— RECORDED DATA —

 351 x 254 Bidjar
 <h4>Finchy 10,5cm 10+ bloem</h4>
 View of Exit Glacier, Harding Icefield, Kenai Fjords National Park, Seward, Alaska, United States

— EXERCISE AIM —
Each line from the one containing "<h4>Finchy 10,5cm 10+ bloem</h4>" through the end of the material must be output exactly, and no other line.

— FINISHED TASK —
 <h4>Finchy 10,5cm 10+ bloem</h4>
 View of Exit Glacier, Harding Icefield, Kenai Fjords National Park, Seward, Alaska, United States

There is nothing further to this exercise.